Other strategies which contribute to student engagement, and interaction among themselves also include a group created wiki, or blog.  The disadvantages to these tools include contributors who drop a course, or fail to meet their obligations.  As these group dynamics develop, time on task together is vital to building the trust in one another as a team, without which the team loses focus, and unwillingness to rely on one another.  One manner the instructor can prevent this downward spiral from developing, is to create groups with sufficient team members to allow for interaction, even if one or two members fail the group.  The instructor should also closely monitor group participation especially in the beginning to ensure that groups are functioning.  Otherwise, the team members should attempt to collaborate according to the syllabus definition, and assignment/group participation rubric.
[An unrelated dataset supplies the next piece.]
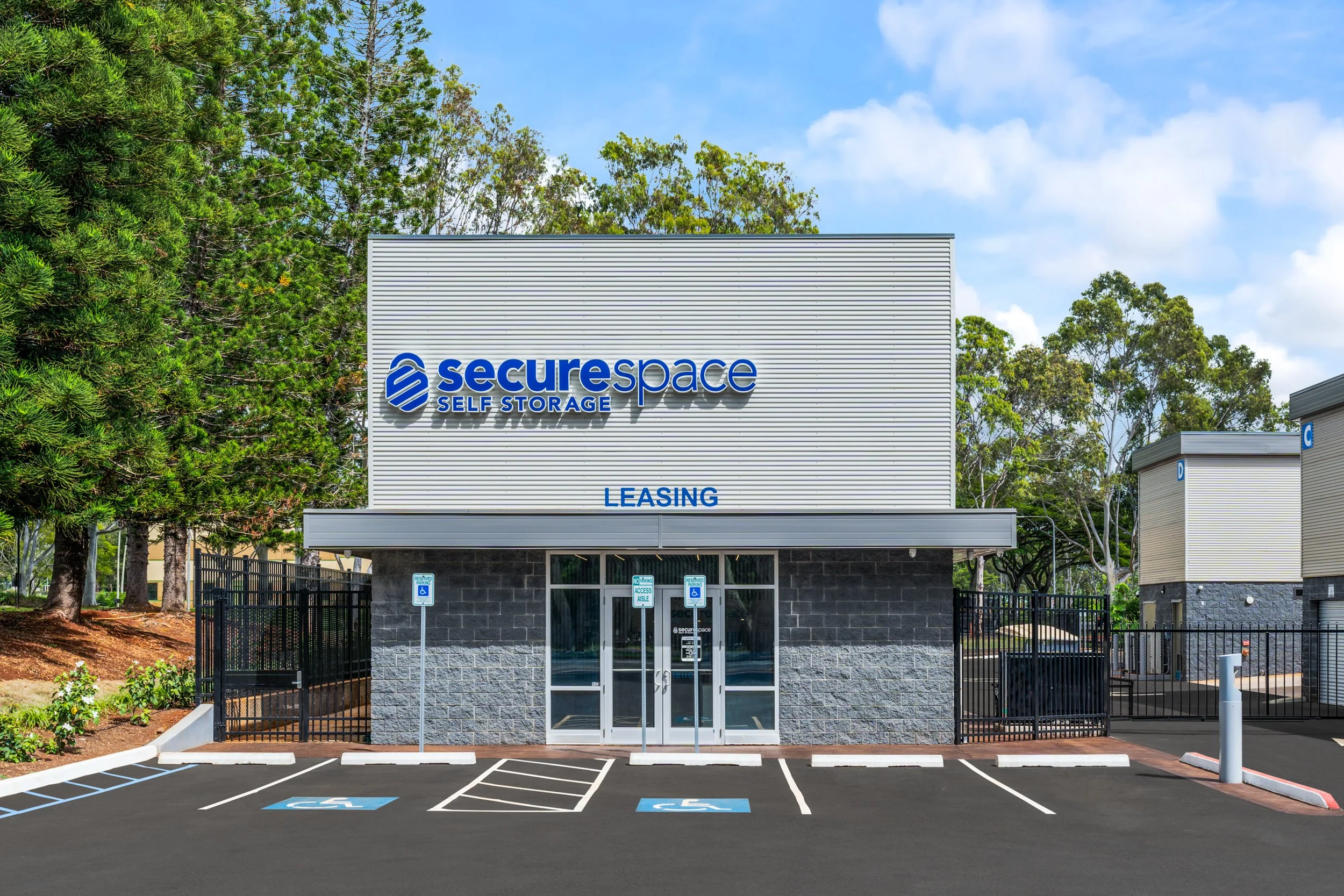 A self storage facility with the sign 'surespace Self Storage' and 'Leasing' written below. There are parking spaces in front, including designated handicapped spots, and an entrance with glass doors. Trees and a blue sky are visible in the backgroun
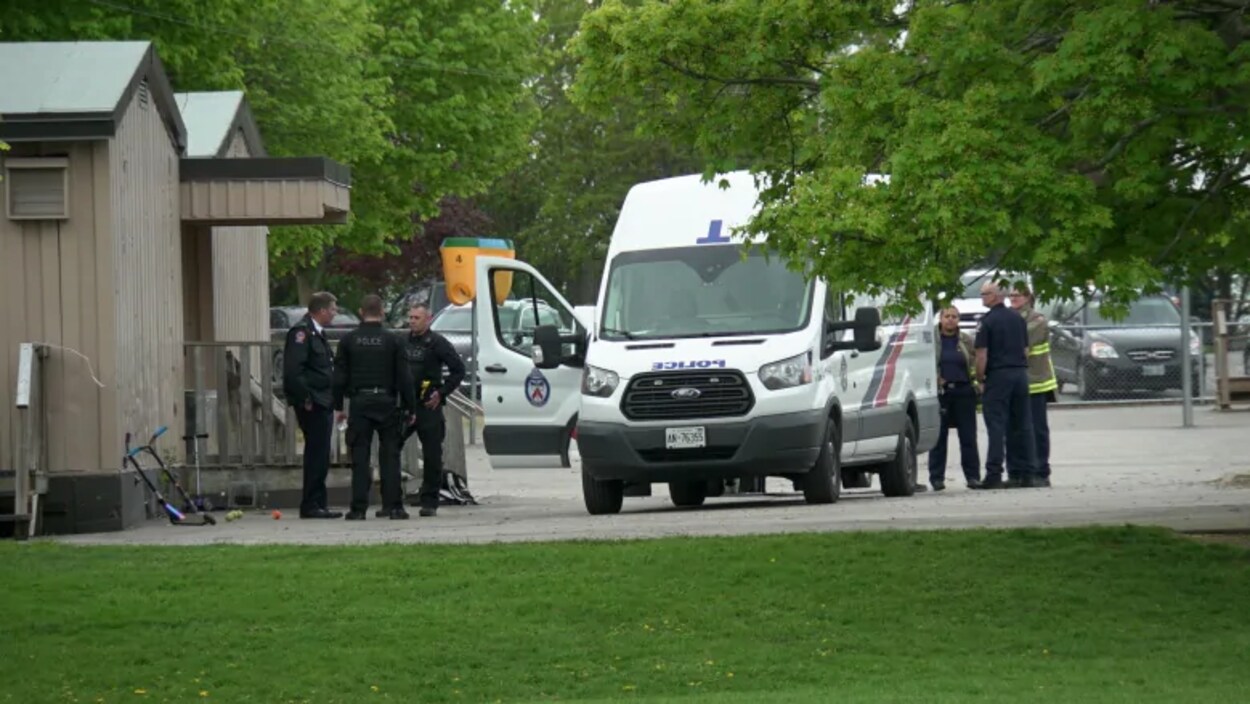 Photo de policiers et de pompiers qui se tiennent debout à côté d'une camionnette de police.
 Durrington, V. A., Berryhill, A., & Swafford, J. (2006). Strategies for enhancing student interactivity in an online environment. College Teaching, 54(1), 190−193.

 Siemens, G. (2007). Curatorial teaching. [Video podcast]. Available from http://learnonline.wordpress.com/2007/09/20/10-minute-lecture-george-siemens-curatorial-teaching/

 Siemens, G. (2008, January). Learning and knowing in networks: Changing roles for educators and designers. ITForum.


4 comments on “Engaging Learners with New Tools”

  1. Lori,

    I thoroughly enjoyed your graphic organizer and I have to say that there were many things listed that I had forgotten about. You were very organized and detailed – this is something that I will save and refer back to later!


    • Glad you enjoyed it Laine! I tried several new technologies, then when I saw they weren’t very good, but very complicated to learn, I decided to go back to my smart board! This was created on the smart board, saved as a powerpoint, and voila! Thanks!

  2. I definitely agree with your comments in your last paragraph in regards to blogs and wikis. This is actually why I am responding to your blog Lori even though you are not in my group. A few of my group members are AWOL or aren’t keeping current on assignments. Not having that group interaction outside the ‘classroom’ discussion boards makes me feel much less engaged within our community of learners.
    I also prefer asynchronous discussions. The think time it provides is very helpful to me. In F2F classes I did used to ask lots of questions but when in discussions with classmates I always thought of much better response/observations/questions, etc., after class was out. Sometimes ideas would come much later and often it would be difficult to recapture the discussion the next time class convened.
    Of course my experience, this is reflective and going back many years, in F2F was always more focused between professor and student. This is very different than my online experience where discussion is much more between students. I do enjoy this aspect but do feel that we sometimes miss the expert/more experienced point of view a professor can provide.

    • You are welcome any time, Scott! I loved having the feedback!

      The more I look back over multiple intelligences, I am more convinced than ever that there are different kinds of learners. I think Walden’s courses go the extra mile in meeting the needs of all learners. However, it is also true that when smaller communities are developed, a breach in trust, makes it very difficult to “bond” with the group members.